Plenty of other considerations guided the decision to replace, especially obsolescence and the pain of struggling with a legacy system—standalone controls for subsystems, antiquated reporting and documentation, recurring failures with the historian, data loss, and corresponding time lost retrieving data. On top of everything, vendor support had dwindled to next to nothing.
“Whether we had nuisance or critical trips, our staff couldn’t get into the program to determine what caused the trip or why the unit wouldn’t start—something like transmitter x was out of range—so we were always troubleshooting multiple problems,” recounts Weber. Because the system was essentially copper wire to the control room from I/O cards communicating through Ethernet in the field, every trip or malfunction required lengthy field work. “Following a turbine trip, we’d have to search through pages and pages of DCS alarm documentation,” notes Weber.
Obsolescence wasn’t the only issue, though. Ripon supplies distilled water to a neighboring process facility and sells power into CAISO (California Independent System Operator). Previously, the general operating mode was to start and stop every day. Now, says Weber, under a new contract with CAISO, the plant only runs when dispatched. Fast starts and flexible ramping are paramount.
Replacing the proprietary WDPF control system, described by Weber as “generation 1” and featuring 5-7-in. floppy discs and multiple computer workstations, with a Rockwell Automation PlantPAx™ DCS system (figures) satisfied the objectives. The new DCS solution, however, was supplied through Maverick Technologies LLC, Columbia, Ill, which not only had experienced WDPF experts on hand, but a front-end evaluation process Maverick calls DCSNext.
According to Rockwell, PlantPAx offers advantages in scalability, flexibility, and advanced functionality. Examples of the last include embedded time synchronization, rack-based historian, sequence-of-events capture, integrated condition monitoring, virtualization, and intelligent motor control.
Now, states Weber, “we have so much more control over every aspect of plant operations.” All of the “islands of automation,” including emissions monitoring, gas-turbine controls, chiller-plant controls, and reverse-osmosis (RO) system, are integrated into a common set of screens. It takes only one guy to start up the plant, where it took two operators previously, one in the control room and one at the equipment, because 50-70% of the “controls stuff” was out in the field. “About the only function that isn’t automated is HRSG blowdown,” says Weber. Nuisance trips have been reduced by 90%.
“When we make a change to the physical components, we just snap new cards in or remove old ones.” Weber illustrates this ease: “We added ammonia detectors in the chiller area to detect leaks, and shut down the system in the event of one. It took 30 minutes to make the changes in the control system. The only hard part was putting in the new automated valves,” he notes. Unlike with the old system, Ripon makes these control system changes with the facility operating.
Better heat rate and added flexibility are two big-ticket improvements. The plant’s environmental permit requires that full load, or compliance-level emissions, be achieved within one hour.
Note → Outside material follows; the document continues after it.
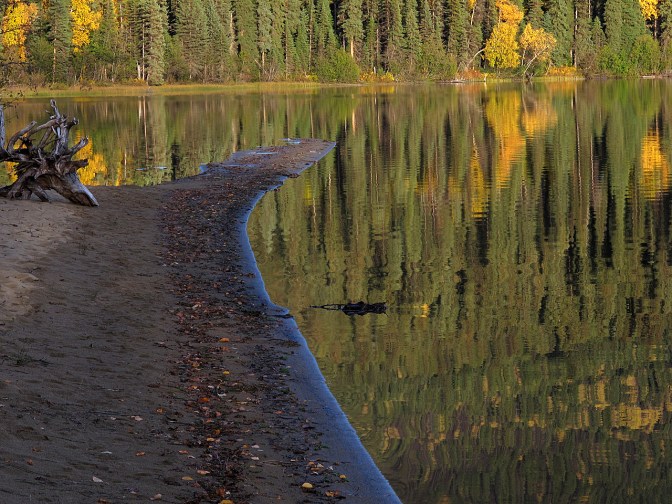Pat Point divides Swan Lake and the Spectacle Lakes.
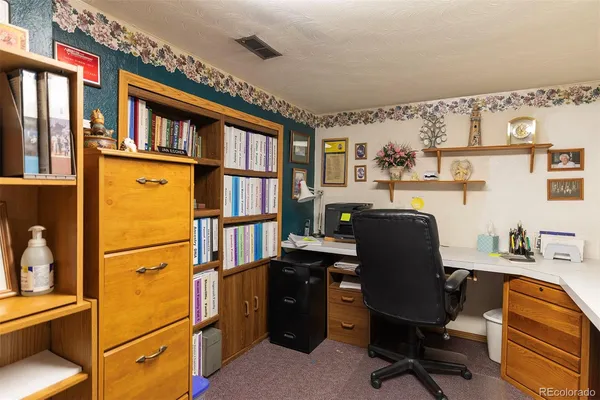 a view of a workspace with furniture and a window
States Weber: “Using the old system, we could do it in 57-58 minutes, on the ragged edge of what is acceptable. Now we are there in 40 minutes.” The new ramp rates allow them to make a “few extra bucks” in the ISO, and while Weber says it’s difficult to properly monitor heat rate because of gaps between the actual and design machine heat-rate curves, “we know we’re burning less natural gas.”
A smaller gain is that the new control system reduces the heat load through the control equipment by 60%, with a corresponding reduction in air conditioning requirements. “The AC in the control room used to run 24/7. Now the operators are freezing because it’s so oversized for the current duty,” jokes Weber.
Weber underscores three important lessons learned from the project for the many others who will be undoubtedly embarking on control-system retrofits:
1. You can always use more historian data points, but they are expensive. Whatever number of points you think you need in the beginning, double it, and embed that into the initial capex. Ripon’s PlantPAx includes 750 process points and a historian servicing 1000 points.
2. Training: Don’t expect the site guys to sit down when the replacement is complete and start running the plant. Operators need to become familiar with the system before it is installed. Brett notes there was much he would have done differently here.
3. Upfront planning is essential—you can’t afford extra downtime. It is a huge task to prepare everything so the installation and the changeover go smoothly. Monitoring of the factory acceptance tests (FAT) is crucial. For Ripon, the FAT of the physical I/O went “really well.”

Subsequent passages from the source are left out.